Behütete Kindheit trotz Krieg
Denn die Nationalsozialisten planten, nach dem „Endsieg“ junge Frauen in die Ukraine zu schicken, um dort deutsches Blut zu verbreiten. Anders als viele Alterskameradinnen wurde Elfriede Lenzen im Krieg nicht zum Arbeitsdienst eingezogen. Der Grund: Ihre Eltern Alois und Elisabeth Lunkenheimer betrieben eine Bäckerei in Wallhausen, die war wichtig für die Versorgung der Bevölkerung. Als einziges Kind wuchs sie behütet auf, dennoch prägten die beiden Weltkriege ihre Kindheit und Jugend. Ihr Vater Alois musste in beiden Kriegen dienen. Er riskierte sogar sein Leben, als ihn der zweite Stellungsbefehl ereilte und buk zuerst das Brot für den nächsten Tag, bevor er sich meldete. Elfriede Lenzen erinnert sich, dass Ende der 1920er/Anfang der 1930er-Jahre die Armut im Dorf weit verbreitet war. Die Bauern bekamen nur wenig für ihr Korn, für die Trauben oder den Wein, es gab kaum Arbeit, viele Familien litten Not.

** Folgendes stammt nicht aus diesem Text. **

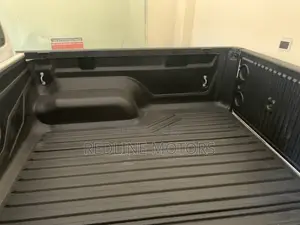 Toyota Hilux 2022 White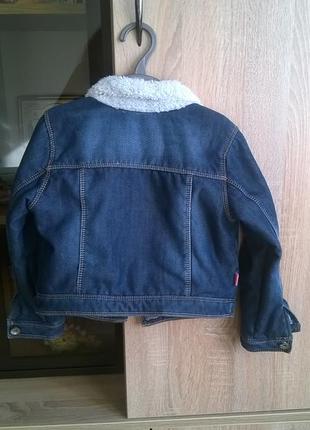 Стильная джинсовая курточка для маленькой модницы2 фото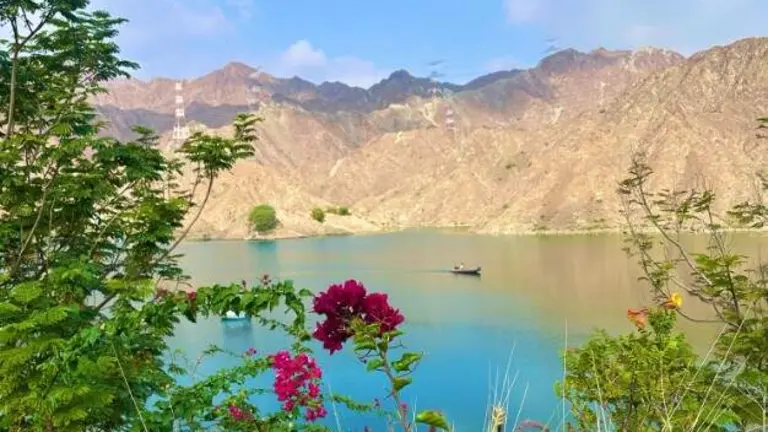 Presa de Al Rafisah en Khorfakkan. (X)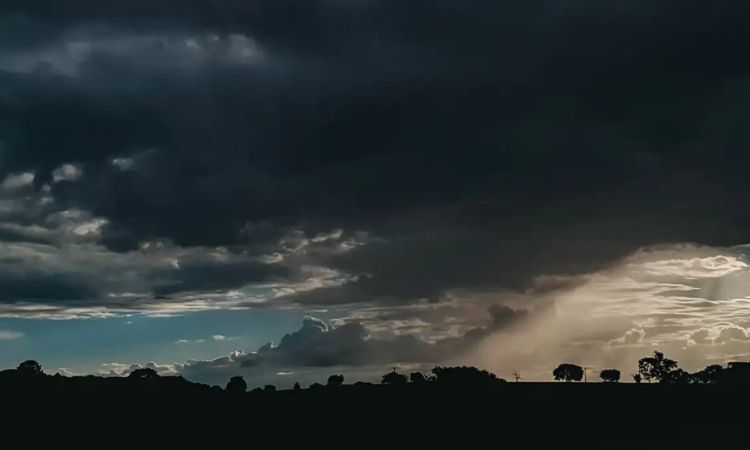 Rio Grande do Sul terá chuva intensa e ventos de até 100 km/h com avanço de ciclone
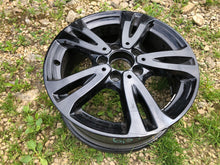 Laden Sie das Bild in den Galerie-Viewer, 1x Alufelge 16 Zoll 6.5&quot; 5x112 49ET A2464010000 Mercedes-Benz Rim Wheel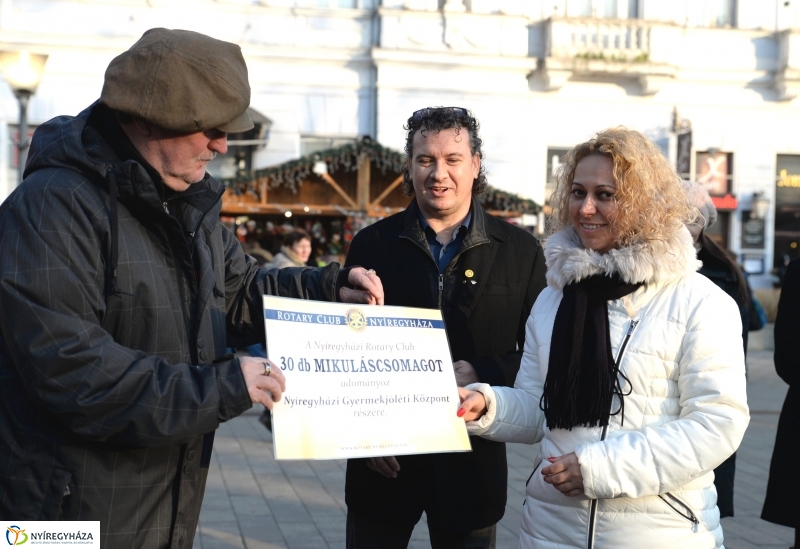 Ajándék fenyőfa a Rotary Club adományaként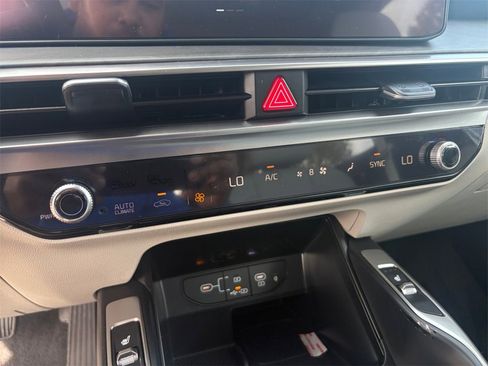 New 2026 Kia Sorento X-Line EX image 29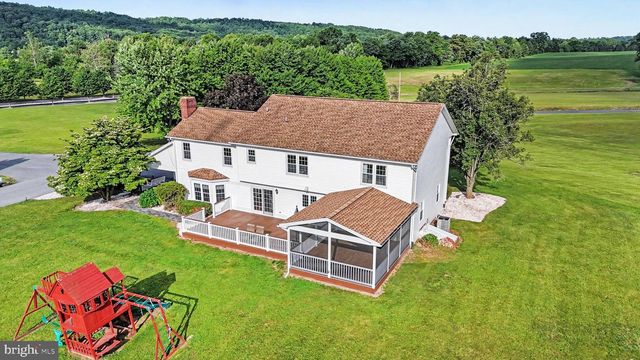 730 SEITZ DR, Lewisberry, PA 17339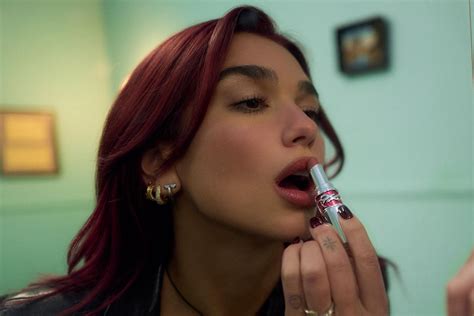 dua lipa lipstick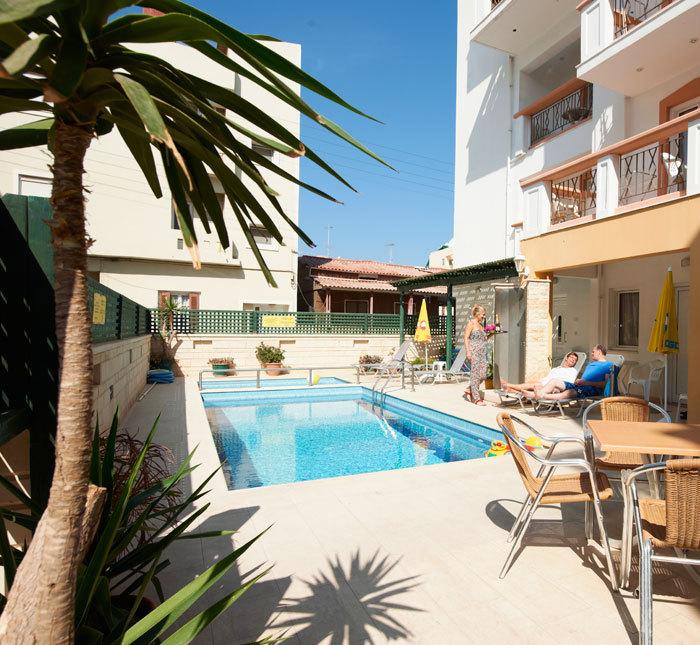 Irini Apartments Греція ціни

Die Nationalsozialisten, die mit Straßenbau und anderen kriegsvorbereitenden Maßnahmen wie dem Bau des Westwalls für Arbeit sorgten, bekamen dadurch Zulauf. Im Alltag auf dem Dorf erlebte Elfriede Lenzen als Mädchen die von der Nazipartei organisierten Zusammenkünfte im BDM als unbeschwerte Zeit, in der gemeinsam gesungen wurde. „Das hat uns gefallen, man hat sich ja sonst nie getroffen“, erklärt Lenzen. Klare Regeln, statt Freizeit: Entweder morgens vor der Schule den Stalldienst übernehmen oder die Messe besuchen. Nach dem Kriegsende wollte sie auch einmal weg von Daheim. Ein Jahr lang absolvierte sie die Haushaltsschule des Ordens der Borromäerinnen in Boppard. Nach ihrer Rückkehr nach Wallhausen, vertiefte sich die Bekanntschaft mit einem jungen Mann, der ihr schon in den letzten Kriegsjahren aufgefallen war. 1950 heiratete sie Heinz Lenzen, der nach seiner Entlassung aus dem Militärdienst ein Lehramtsstudium begann.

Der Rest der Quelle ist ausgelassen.